1. 'I go to bed hungry' is actually something that turns my stomach when used in relation to a well fed elite athlete living in a very nice apartment on a pretty beautiful campus, in a country that has hundreds of thousands of people who know what real hunger is every waking hour of their lives and a world where the number reaches into the millions and millions.
2. If most of these athletes did not have a scholarship they would be either deep in debt trying to get an education or they would be working a minimum wage job while they tried to afford the training fees to develop their talent so a pro team might give them a open try-out. Instead they have an unlimited supply of training gear, access to world class facilities, trainers, doctors, and coaches, while having their housing and food taken care of and being given the opportunity to get a first rate education with all the extra help they want for free.
Everyone uses that $50K to identify the value of the scholarship these kids are getting, but that is just the academic aspect. The Uconn women's basketball program has a budget of $5M - and they could have 15 scholarship players without adding to the expenses significantly. That number includes the tuition room and board, so the total value of the 'scholarship' that they receive - academic and athletic - is 5M/15 or $333,333 per year per athlete. On this years team the expenses haven't changed but the number of people being run through that program is down to 9 which works out to a cost per athlete of over $500,000. On the mens side, I suspect the expenses may be higher even though I don't think the coach has quite as good a deal. And football programs that have a lot more scholarships have a much higher budget.

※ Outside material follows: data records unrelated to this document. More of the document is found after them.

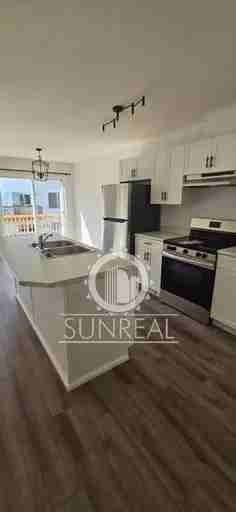 5009 54 Street - Photo 2 of 7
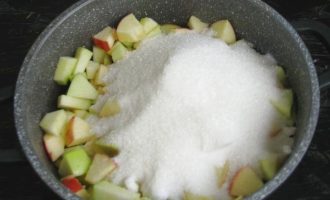 Сверху выложите часть сахарного песка и пусть яблоки постоят, пока не пустят немного сока.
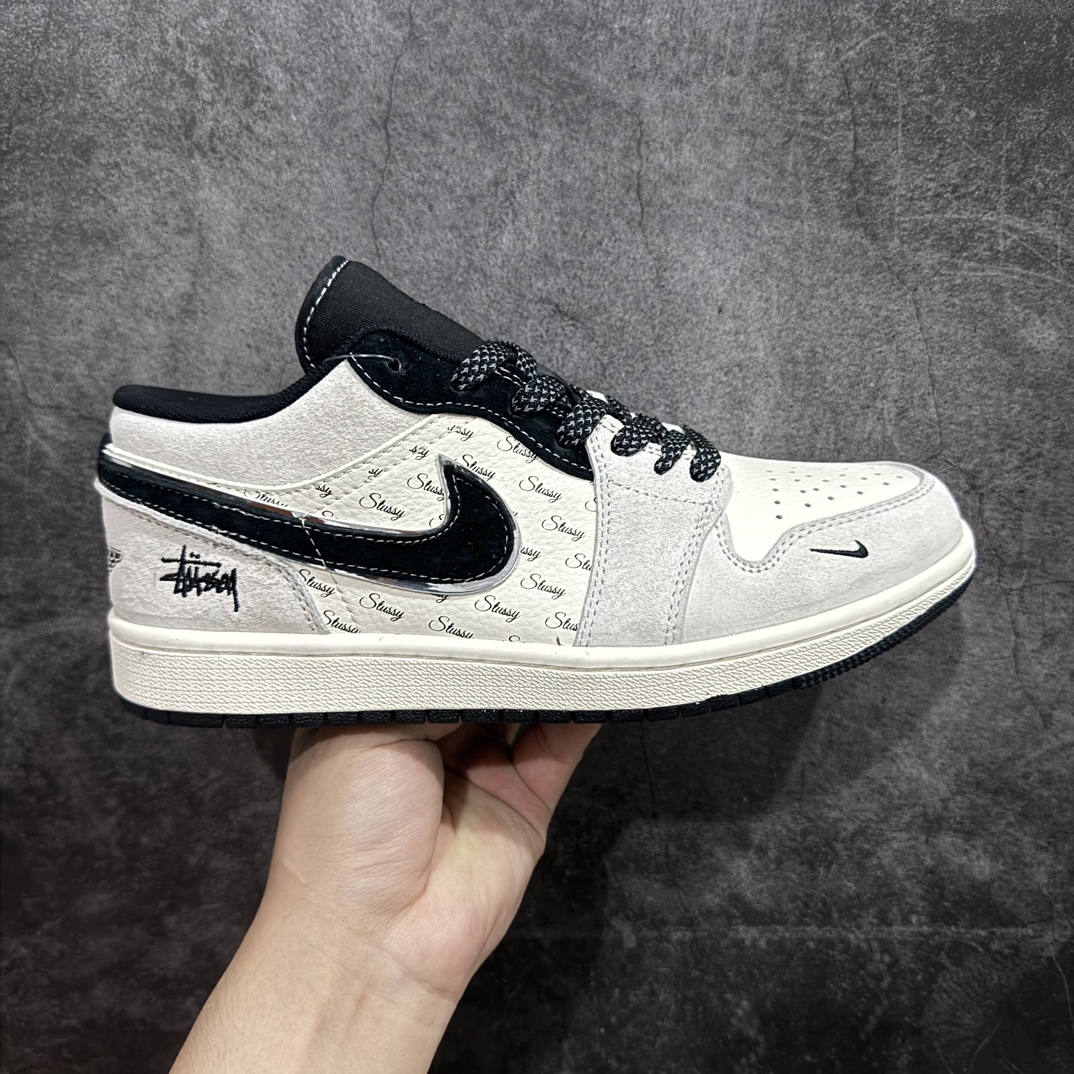 【定制版】Air Jordan 1 Low AJ1 乔1 斯图西联名-银边黑勾 高端定制 低帮复古篮球鞋 SJ9950-026rn#定制鞋盒 大厂纯原品质出货 超高清洁度 皮料切割干净无任何毛边 细节完美 r 尺码：36 36.5 37.5 38 38.5 39 40 40.5 41 42 42.5 43 44 44.5 45  编码：HXS320340-鞋库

Those number are a lot more than any of the women will receive as WNBA professionals (and that money is taxable), and without that four year 'education' a lot of them wouldn't have even a chance of seeing that money.
I have no idea what the average salary a developmental league men's basketball player receives but I am pretty sure it is no where near that and I know that with the exception of a few 'bonus baby' prospects in baseball, none of the minor league players are getting paid anywhere near that either.

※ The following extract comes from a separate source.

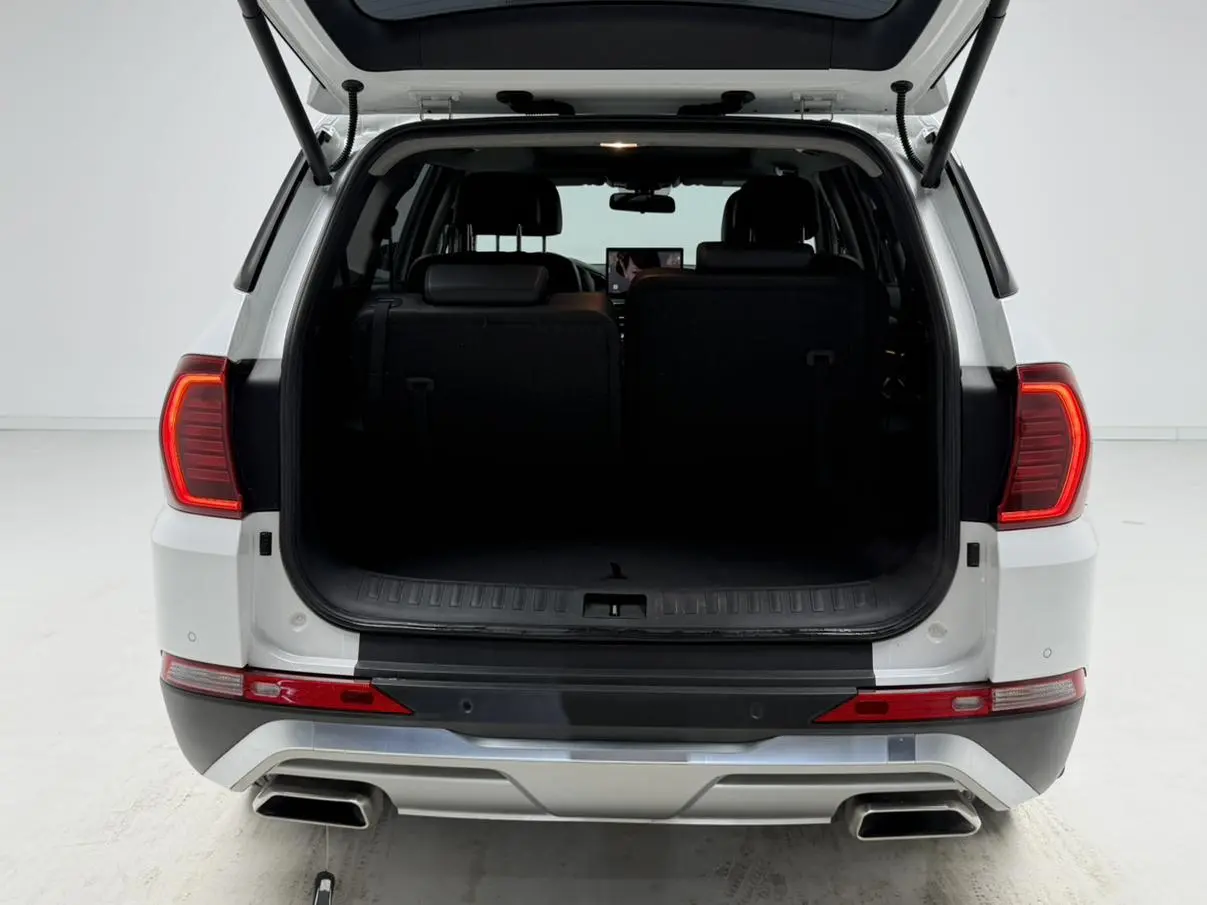 Hyundai Shengda 380 TGDi GLS automatic two-wheel drive deluxe Edition
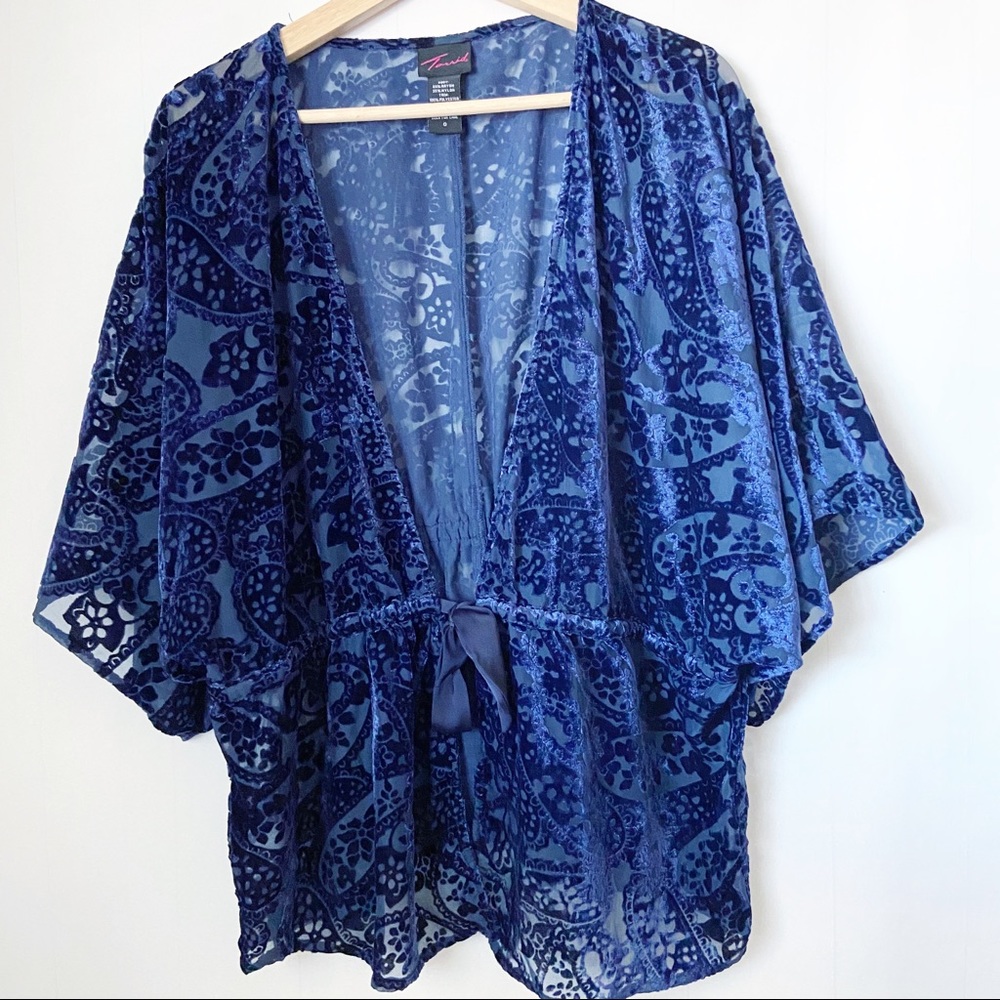 TORRID Royal Blue Velvet Paisley Large Kimono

I certainly am not blind to problems with the NCAA and how it handles athletes, but these are not the exploited masses - those are the folks working in sweatshops and at minimum wage jobs where managers are still stealing pennies out of their pay checks or in dangerous and dirty jobs with management cutting corners on safety and skirting regulations.
Sorry for the tirade, but a general distrust and dislike of the NCAA and the corruption that big time athletics at big time mens basketball and football programs is leading people to make martyrs of a small number of fit and well cared for young men (and women) who make up a fraction of scholarship athletes, and do not really deserve that label.
Those UNC athletes (and those at other universities) that could not read or write beyond a middle school level and were 'cheated' out of the 'academic' portion of their scholarship still received all the other benefits (room, board, training, etc.) they were promised and that still represents a great deal for them and a better one than they would have gotten as 18 year old illiterates on the job market, and its monetary value was in the hundreds of thousands of dollars per year.
(How much could Geno or CD get on the open market for an hour of one on one coaching from HS prospects? Accept a scholarship to Uconn and you get 100s of hours/year for free.)